The commander of U.S. forces in Europe and most of Africa, General James Jones, told the committee he has plenty of responsibility, being in charge of 92 countries. But he said he does not always have the authority he needs to spend money in his budget as he sees fit, particularly when it comes to providing military training to some of those countries.
General Jones said such assistance can play a key role in helping countries develop based on democratic principles, and that if commanders must wait months or even years for budget approval, other donors may step in and influence the developing countries in a different direction. "I worry that over time we're becoming very hard to work with, harder to work with, perhaps, than our competition,” he said, “and we will see increasing instances of countries basically saying, 'this is too hard and I can get what I need from somebody else a lot easier.’"
General Jones said several countries in North Africa are examples of how a relatively small amount of U.S. spending can have a large impact on their ability to control their territory and prevent terrorists from gaining a foothold.

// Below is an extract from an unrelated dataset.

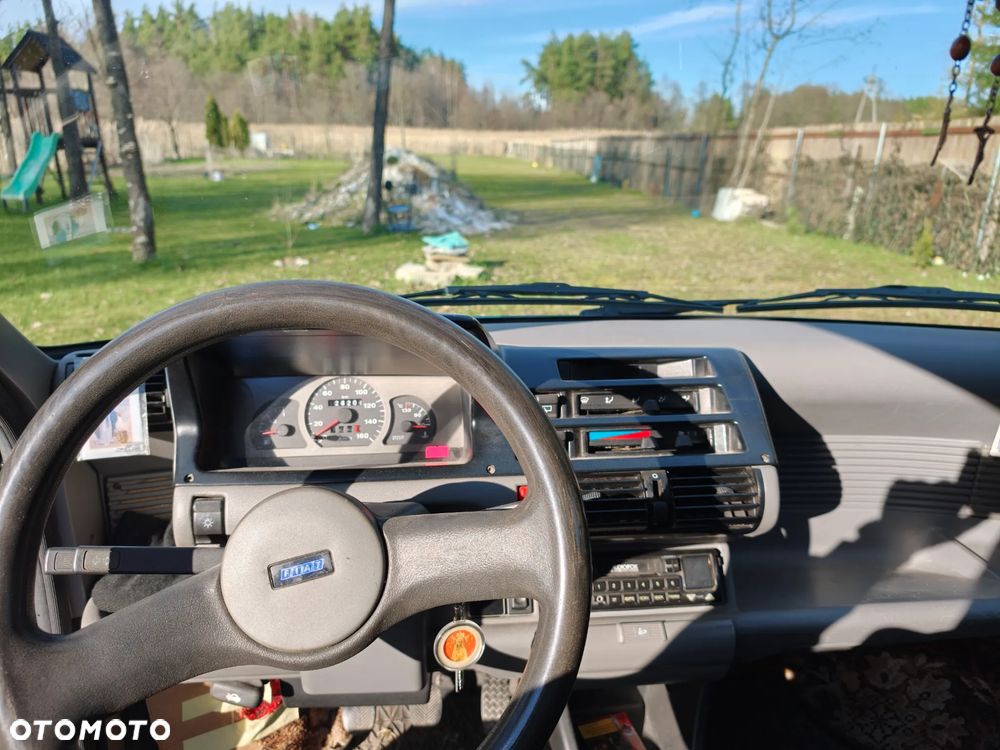 Fiat Cinquecento 899 SX - 13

He said it is also having a positive impact on their view of the United States. "We're actually having a strategic change, in my opinion, in the way that section of the Islamic World perceives the United States,” said General Jones. “Things are changing dramatically. We're building new friends, new partnerships, and we're doing it for an amazingly low amount of investment."
General Jones said there are similar examples in West Africa as well. He said it is always less expensive to try to help a country develop in ways that are not hostile to the United States, than to confront that country if it does become hostile.
One member of the committee asked the general how Congress can be sure that military assistance does not go to governments that will use it to repress their people or threaten their neighbors. General Jones said each country must be evaluated individually. "If a nation is generally progressing, if we're teaching and helping nations develop militaries that act in support of human rights, the defense of democratically elected institutions and have a willingness to work with us and seek out our leadership and our assistance,” he said, “then these are good things."
General Jones echoed frequent comments by Defense Secretary Donald Rumsfeld, saying that in the past Congress has sometimes been too quick to cut off military aid to governments that adopt policies it doesn't like. The general said such moves often do more harm than good, sometimes allowing for the emergence of an entire generation of military officers who have had no contact with the United States or U.S. military values, and making it more difficult to develop the kind of relationships and alliances the United States needs.